Futures on US West Texas Intermediate Crude Oil surged 1% on Tuesday, underpinned by optimism a strong economic rebound in China will bolster fuel demand.
However, WTI Crude Oil Futures looked set to register a fourth consecutive month of losses, being down 4.56% so far in February.
Expectations over Chinese oil demand recovery supported the oil market, with focus on key data over the upcoming two days. Analysts expect China to report growth in factory activity in February.
Still, January’s stronger-than-anticipated new orders for core US-manufactured capital goods reinforced prospects of more rate hikes by the Federal Reserve, while restraining oil gains.
“The stronger than expected inflation numbers raised concerns about further hikes in interest rates, which has already curbed demand in the U.S.,” ANZ analysts wrote in an investor note.
Market players will be paying attention to the industry report on US oil stocks by the American Petroleum Institute later on Tuesday as well as the government report by the Energy Information Administration on Wednesday for more clues over demand.

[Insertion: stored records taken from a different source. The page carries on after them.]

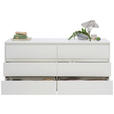 SIDEBOARD  in 160/79/48 cm  - Alufarben/Weiß, Design, Holzwerkstoff/Kunststoff (160/79/48cm) - Carryhome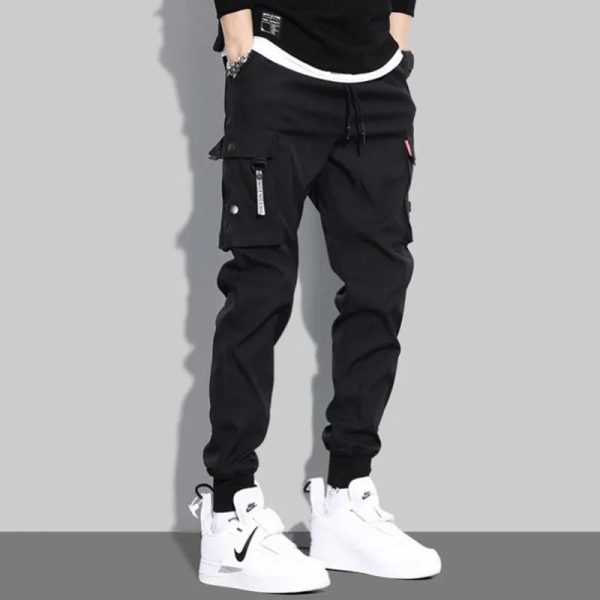 Men Pants Thin Fashion Casual Jogger Pants 2022 Streetwear Cargo Men's Multi-pockets Trousers Fitness Gyms Sweatpants Mens - Image 4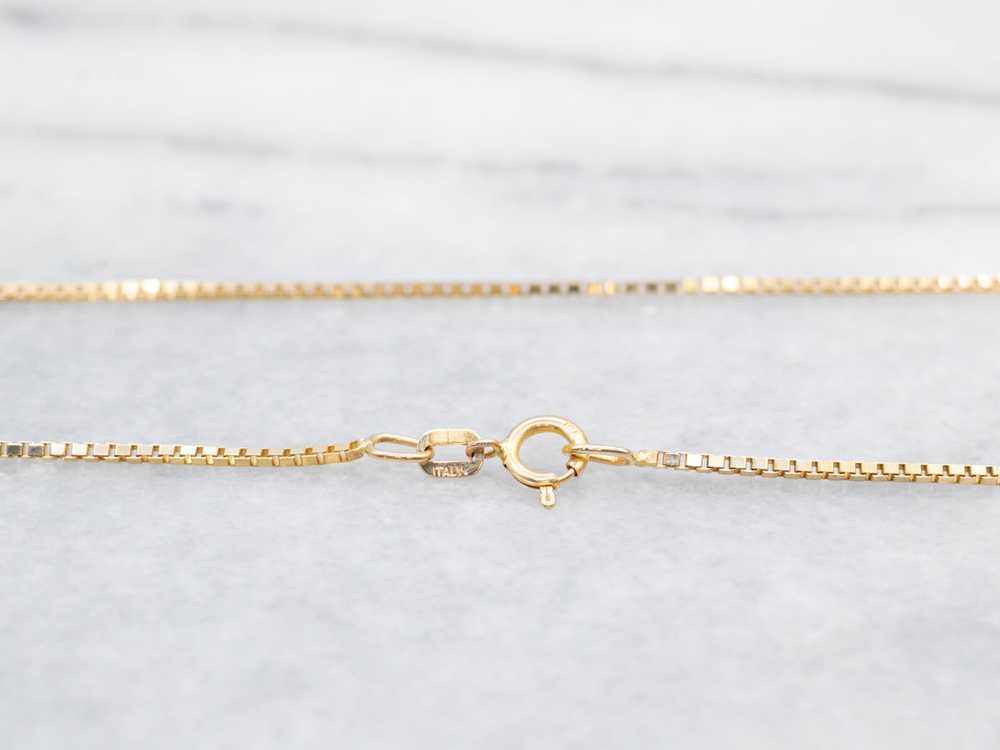 Long Box Chain with Spring Ring Clasp - image 2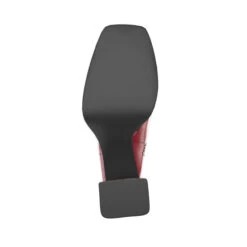 Bottines à Bout Carré, Plateforme Et Talon évasé 51767 -Stripped Boutique 50169 0 bottom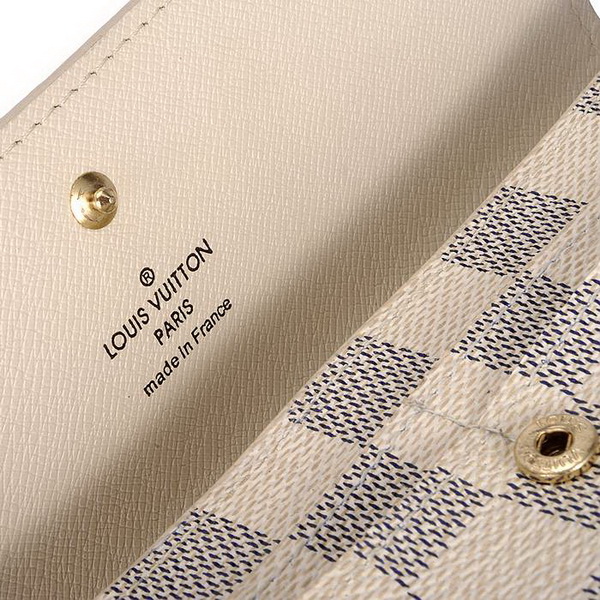 Louis Vuitton Damier Azur Canvas Sarah Wallet N61735 Louis Vuitton Damier Azur Canvas Sarah Wallet N61735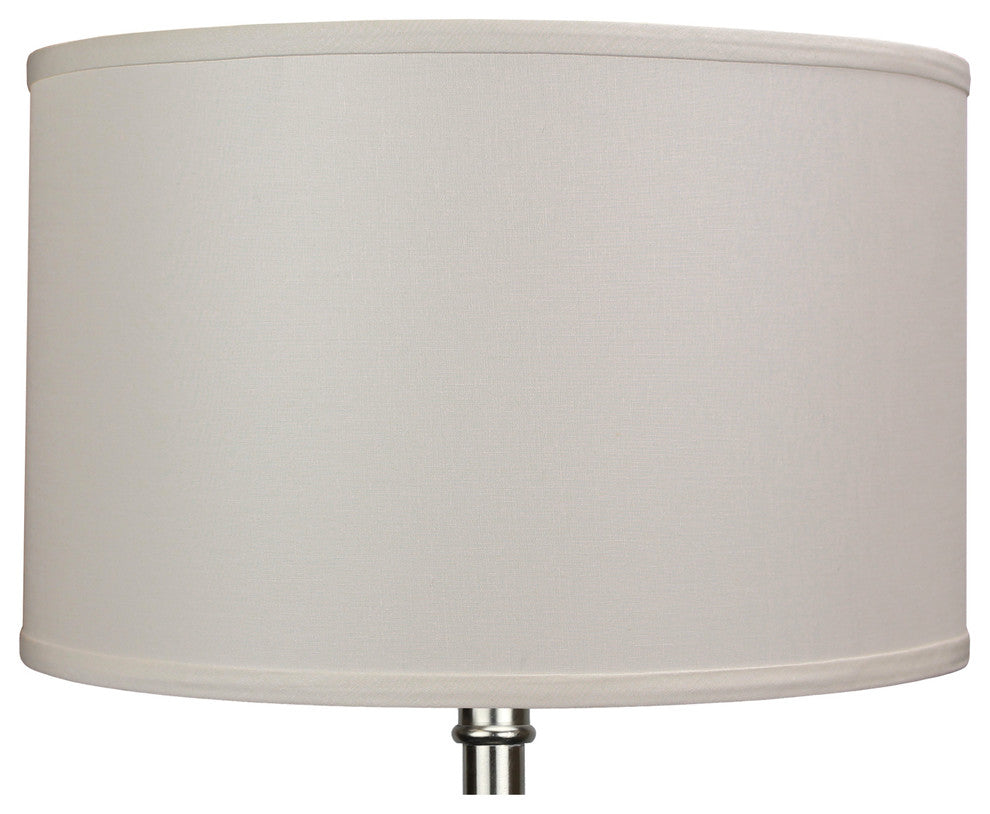 Fenchel Shades, 16"x16"x10" Spider Attachment Drum Lamp Shade, Linen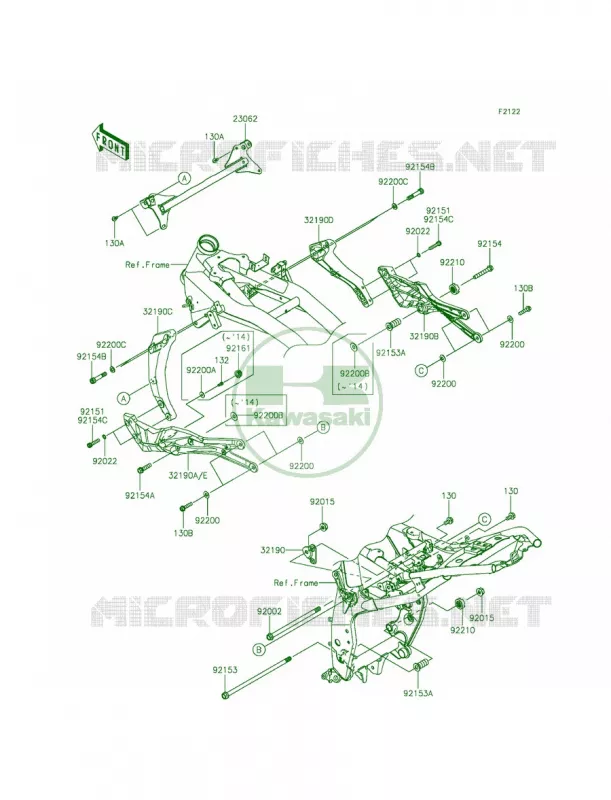 Engine Mount Kawasaki MOTOS 800 2014 ZR800  ZR800AEF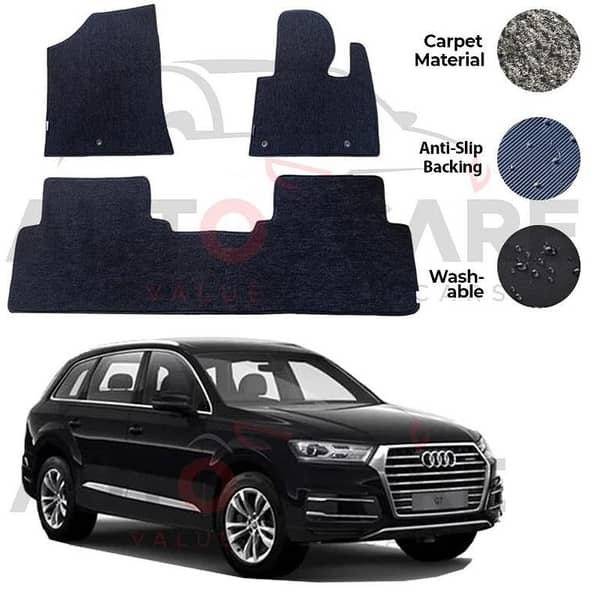 Audi Q7 Genuine Fitting Carpet Floor Mat 4PCS - Model 2016-2018
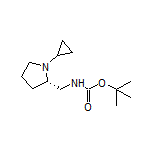 (S)-N-Boc-1-(1-cyclopropyl-2-pyrrolidinyl)methanamine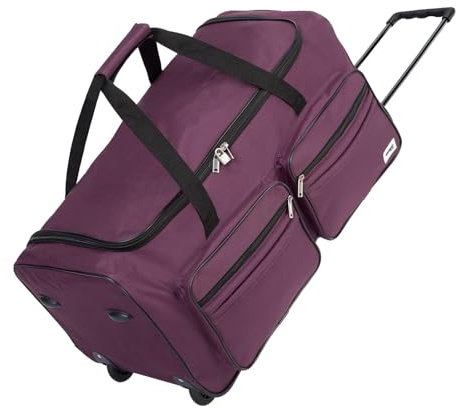 MONZANA® Bolsa de Viaje, Trolley, Bolso Equipaje Grande XL, 85L, Ruedas, 70x36x34cm, Asa Telescópica, Deporte, Bolsas Viajes, Fácil de Manejar, Weekender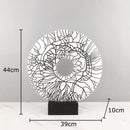 GobekUsa Circle Ornament Desk Decoration Resin Ring Statue Modern Crafts Decor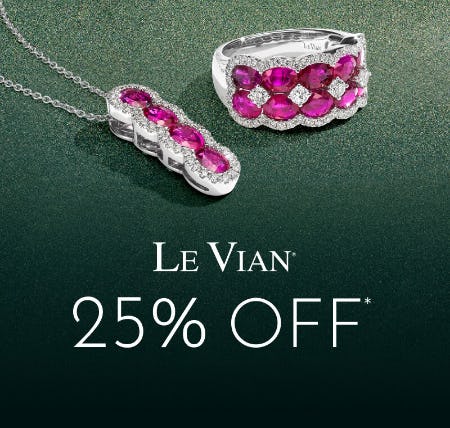 Le Vian 25% Off
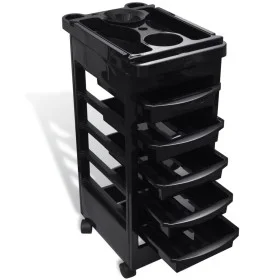 Carrito de plástico con ruedas para peluquerías de vidaXL, Cuidado capilar - Ref: Foro24-110104, Precio: 72,70 €, Descuento: %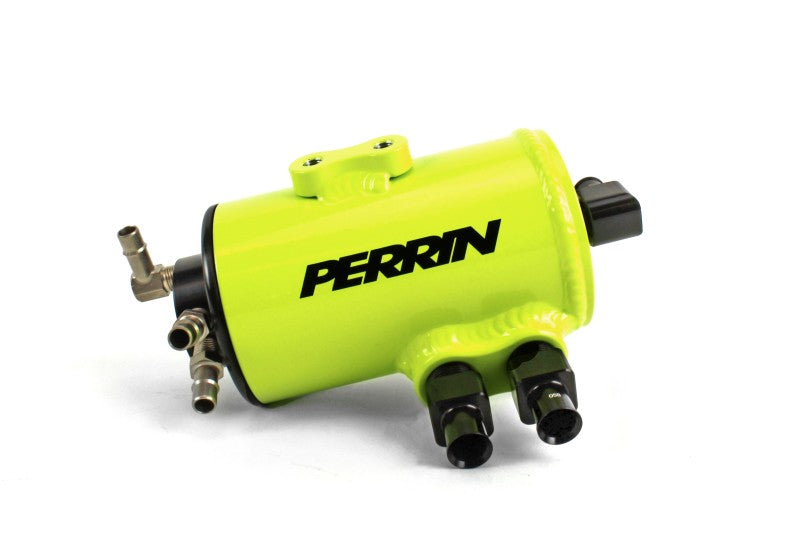 Perrin 02-14 Subaru WRX / 04-19 STI with FMIC Air Oil Separator - Neon Yellow-thumbmail-2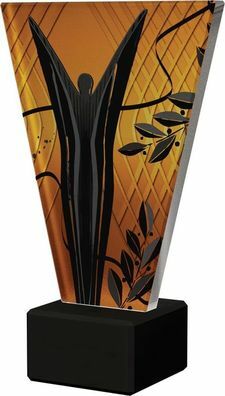 Statuetka szklana na marmurowej podstawie - trofeum ogólne VL1/VIC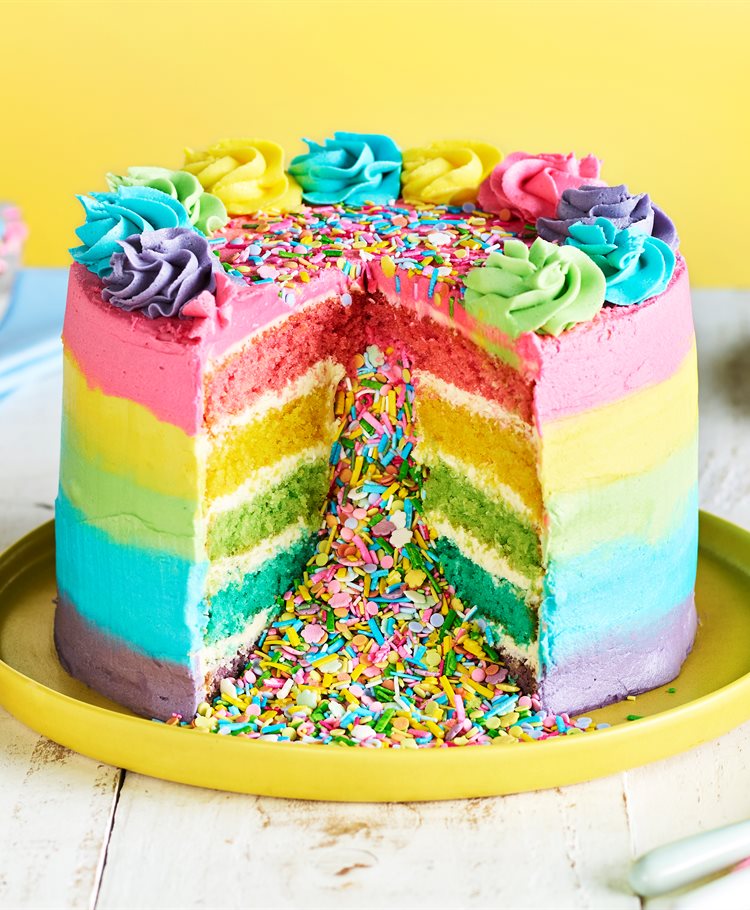 The best rainbow cakes  Chickabug  Rainbow cake Rainbow birthday Rainbow  food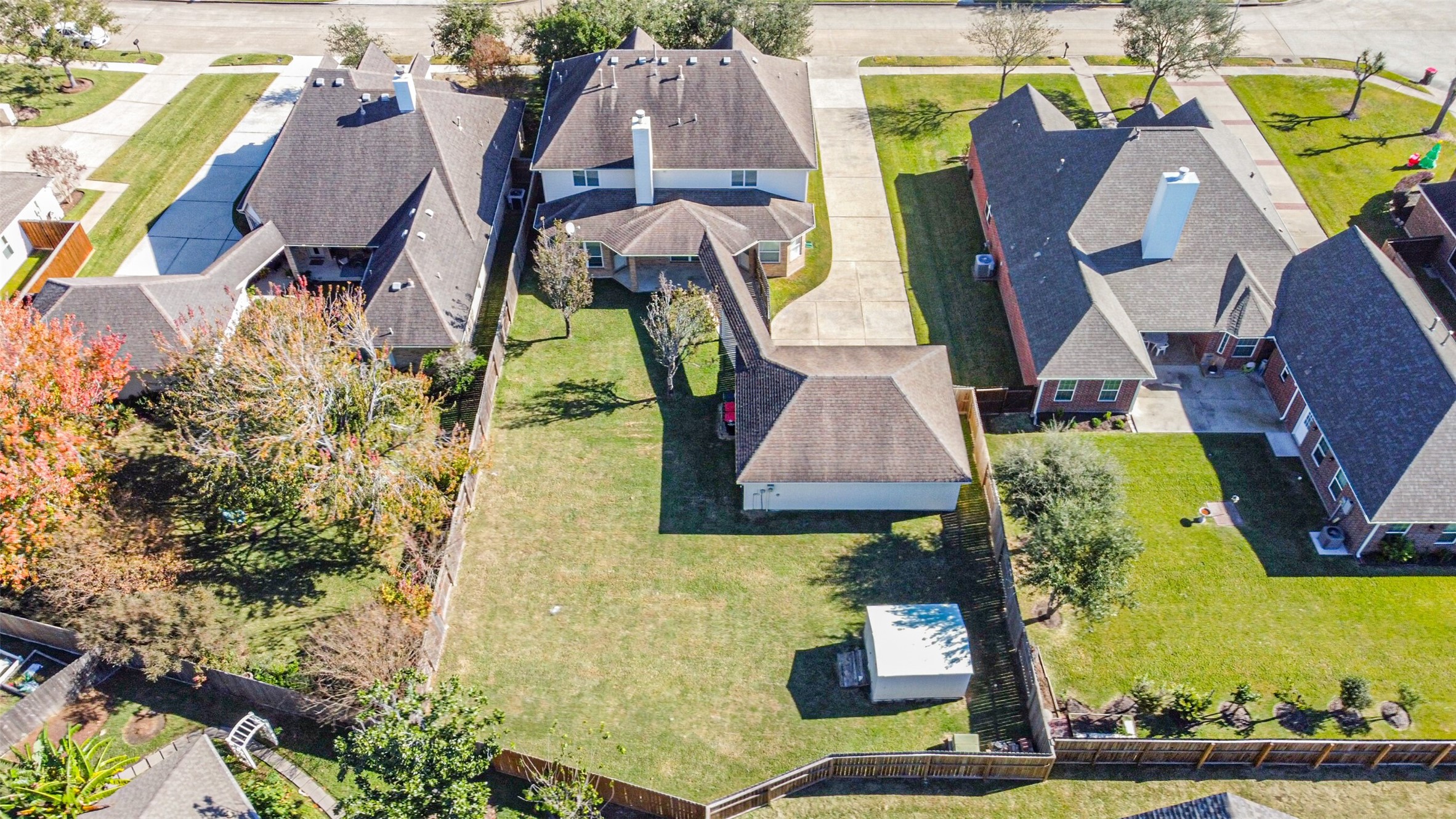 3919 Copper Creek Baytown, TX 77521 - Photo 6 of 50 an aerial view of residential house with outdoor space and swimming pool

Analysts polled by Reuters expect US crude inventories to increase by 400,000 barrels in the week to February 24th, which would be the 10th straight week of stock builds.
As of 9:01 GMT on Tuesday WTI Crude Oil Futures were gaining 1.03% to trade at $76.46 per barrel. Last week, the black liquid went up as high as $77.74 per barrel, which has been its strongest price level since February 17th ($78.25 per barrel).
At the same time, Brent Oil Futures were gaining 0.89% on the day to trade at $82.77 per barrel.